■ WHAT TO WORK ON ■
Within the records below, reproduce without change the lines from the line that has "3 Bed 2 Bath" through the line that has "Real Madrid Tiro 24 Herren Trainerhose", and only those.

■ GIVEN RECORDS ■
- - - - -

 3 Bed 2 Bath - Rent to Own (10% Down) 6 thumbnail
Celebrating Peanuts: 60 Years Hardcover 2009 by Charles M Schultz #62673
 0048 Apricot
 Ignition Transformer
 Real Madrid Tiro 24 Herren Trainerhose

- - - - -

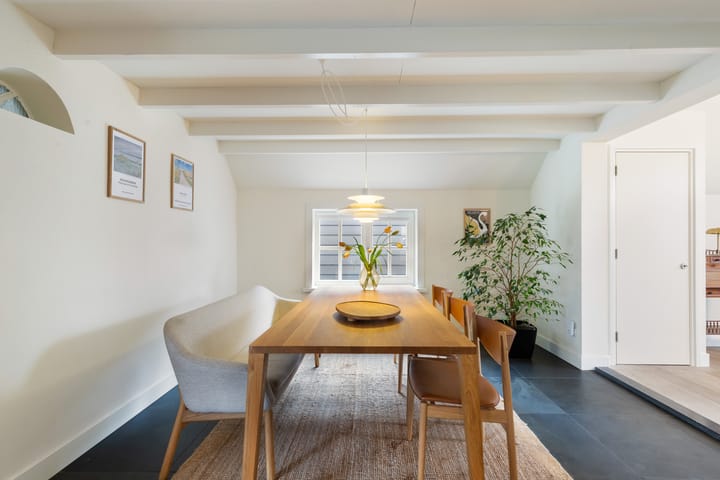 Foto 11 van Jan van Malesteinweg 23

- - - - -

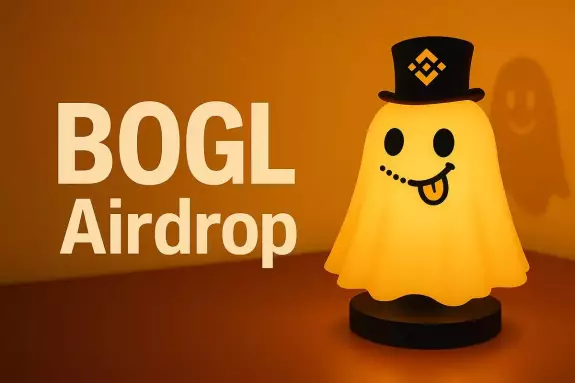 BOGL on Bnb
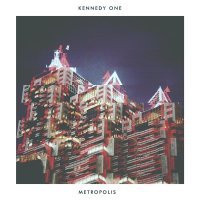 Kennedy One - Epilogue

- - - - -

■ REPLY TO THE EXERCISE ■
 3 Bed 2 Bath - Rent to Own (10% Down) 6 thumbnail
Celebrating Peanuts: 60 Years Hardcover 2009 by Charles M Schultz #62673
 0048 Apricot
 Ignition Transformer
 Real Madrid Tiro 24 Herren Trainerhose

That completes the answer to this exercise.